Moleque, não te assusta. Não tenho trava na língua. Se não suporta meu raciocínio, diz logo que vou embora. (A moça não é de brincadeira. Foi apenas a sensação que tive, e a distinta senhora captou. Que espírito é esse que lê pensamentos e capta sentimentos?)
— Descrevi algo sobre a mulher porque quero dizer quem é Pomba-gira: não escreveram já que somos a sedução, o “poder” feminino? E os idiotas que escreveram isso acham que poder feminino vem do sexo apenas? Do poder de sedução? Ah, santa paciência me é necessária! Inclusive, alguns pensadores que vocês dão honras e glórias, que são quase contemporâneos meus de quando encarnada, não legaram que os escolásticos nos viam como inferiores? Quantas coisas distorceram, quanta mentira. Não é à toa que um deles, e fiquei sabendo nas bandas de cá (a escritora se refere ao astral) que Michel Foucault disse ter mentido mais que o diabo. Quanto trabalho teremos, quanto trabalho…

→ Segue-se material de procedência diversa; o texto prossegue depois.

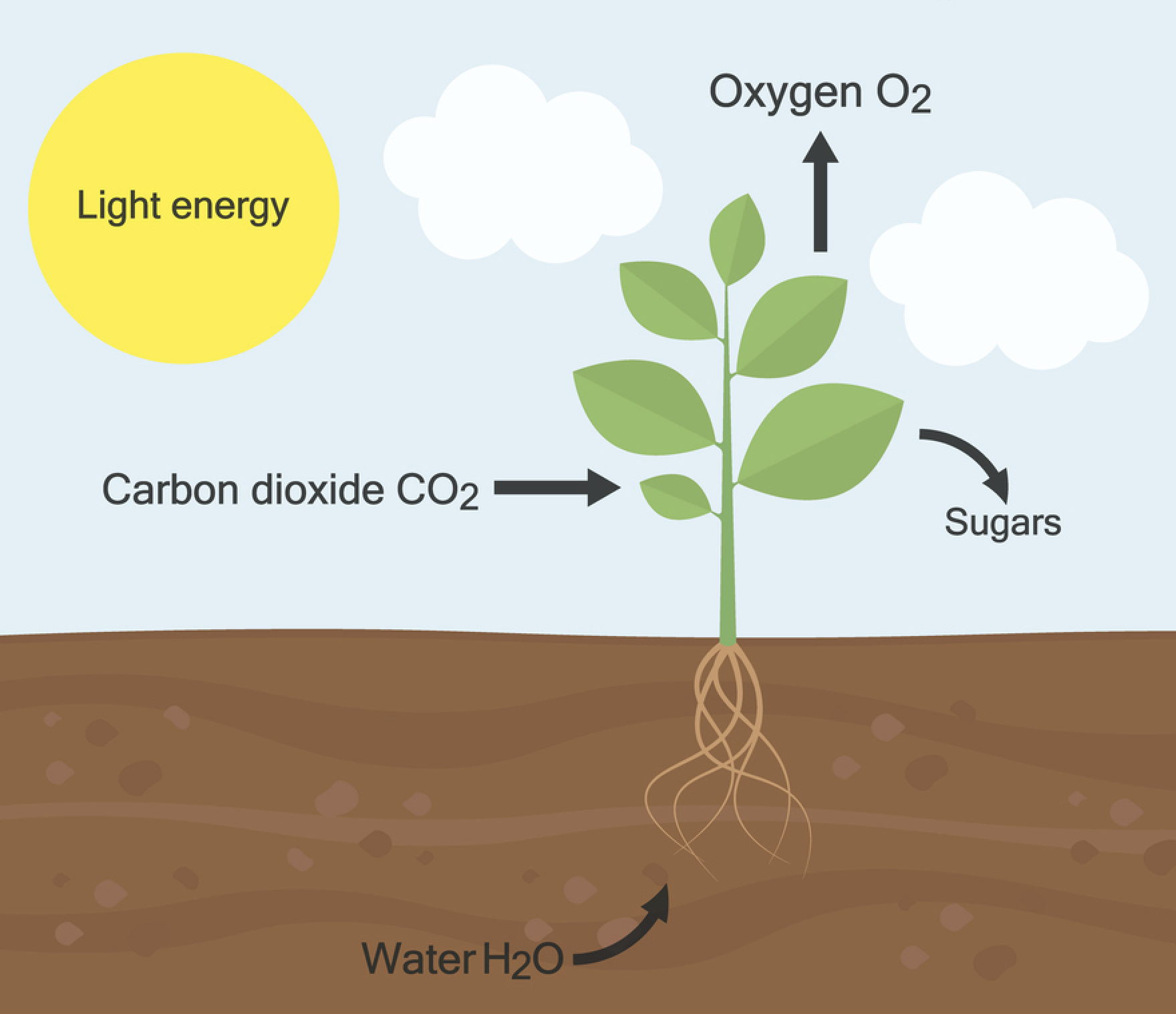 Elementary process of photosynthesis in which the plant takes in sunlight, CO2, and water, putting out O2 and sugars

Prestem atenção: Pomba-gira é apenas uma corruptela que inventamos, só isso, porque não podemos mais utilizar nosso nome de encarnadas quando passamos a atuar na Umbanda. É da lei de Umbanda isso e lei se cumpre, não se discute nem se interpreta a bel-prazer. Está escrito e sancionado. Já confessei que me chamei quando encarnada Ana Rita, apenas porque me foi permitido e tem um propósito maior, que entenderão logo, não hoje. Pomba-gira representa o poder da intercessora, da mulher em sua plenitude de mãe e provedora da família. Sabem o que é isso? Não sabem né, seu tempo não quer mais esta instituição, então a mulher deve ser destituída de seu cargo legado por Deus. Querem uma nova mulher, aquela que é apenas o objeto de satisfação, que tenta imitar o homem, pois quer prover o alimento, o que não é sua atribuição; quer independência, o que não é o projeto do Criador, pois um complementa o outro, homem – mulher.

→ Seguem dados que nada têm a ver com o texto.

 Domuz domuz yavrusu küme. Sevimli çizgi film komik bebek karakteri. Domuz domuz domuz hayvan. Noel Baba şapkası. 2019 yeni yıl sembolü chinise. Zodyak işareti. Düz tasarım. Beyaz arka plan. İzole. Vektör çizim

Estamos para Exu, assim como Exu está para nós. Somos a representação da instituição que vocês querem dispensar. Sabes quantos filhos tenho aqui no astral? Sabes que tenho marido? Sabes que provenho família, além da família de encarnados que guardo na terra? Quem tem Pomba-gira e Exu, que realmente os cultua e tem, possui a plenitude da família.

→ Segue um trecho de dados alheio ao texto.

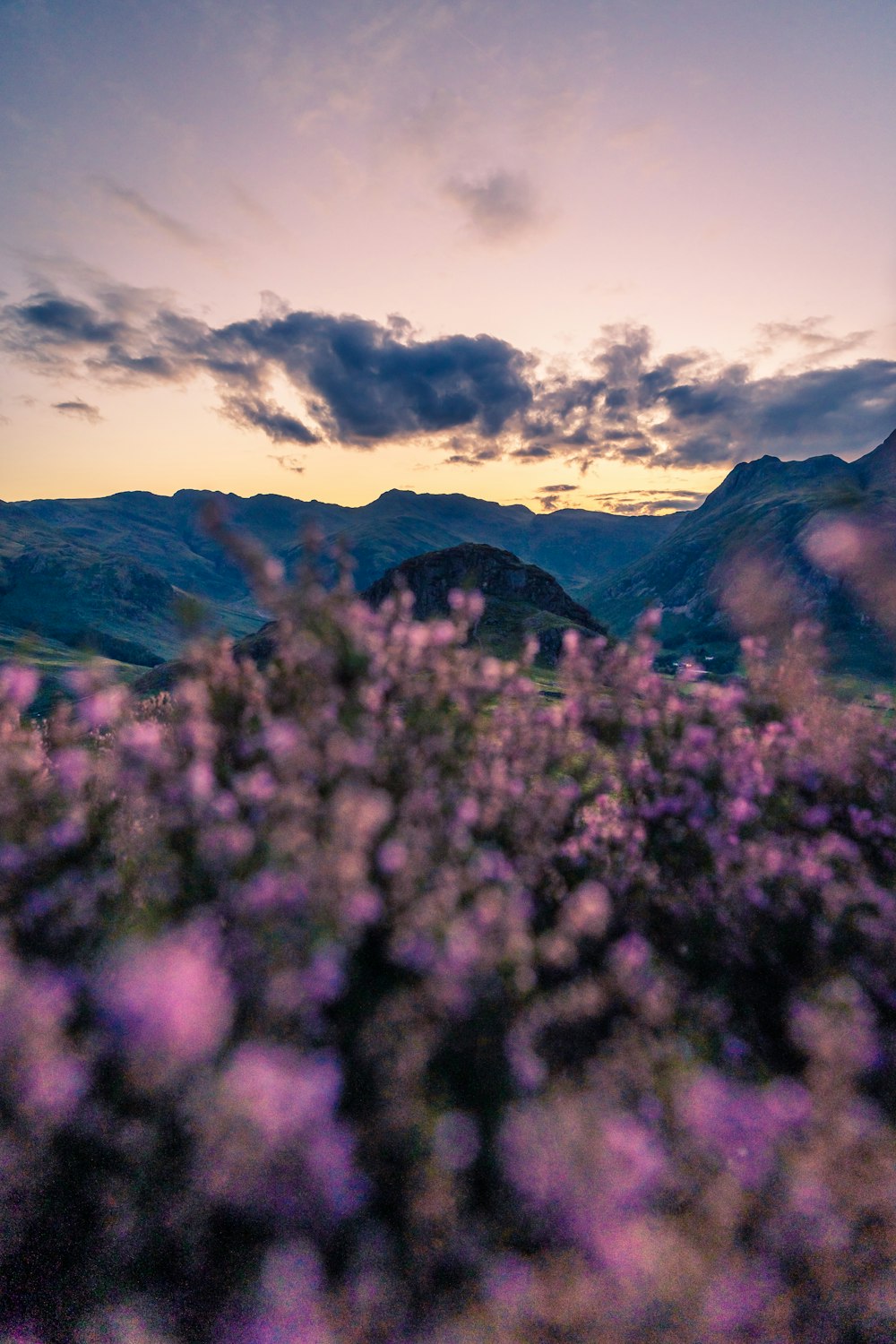 a field of flowers with mountains in the background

Guardo as mulheres que buscam ser mulheres plenas, ajudo aquelas que querem mudar, intervenho nas famílias desestruturadas e vibro aquilo que meu nome de guerra me inspira: MARIA Molambo. Me inspiro em Maria Santíssima, peço a interseção dela em meu favor, para que eu seja instrumento da Mãe da humanidade. Não somos promíscuas. Nós Pomba-giras de Umbanda somos mulheres que querem o bem das mulheres. E entendam, mulher é sinônimo de santidade, de renovação da vida, de continuidade da espécie humana. Mulher é companheira, criada para andar ao lado do homem, nem a frente, nem atrás, a provedora da família. O homem é provedor do alimento, tanto para o corpo como do espírito. O lar de um casal onde encontramos no escritório do esposo, uma mesa extra ou o cesto de trabalho da esposa, onde o amor sabe planar e ficar em silêncio, é uma imagem de trabalho daqueles que comungam da vida no espírito. Ah, na vida dos cristãos há tantas belezas, tanto amor e felicidades a se colher. Sabe, realmente não entendo mais os encarnados, espero ainda ficar um bom tempo do lado de cá.
Com lembranças particulares, Maria Molambo.
— Pronto menino, a Senhora já foi. Encerramos aqui esta edição.
Como intérprete permaneci pasmado. Também fiz parte até hoje daqueles que imaginavam Pomba-gira representar apenas a sedução. Obrigado Molambo.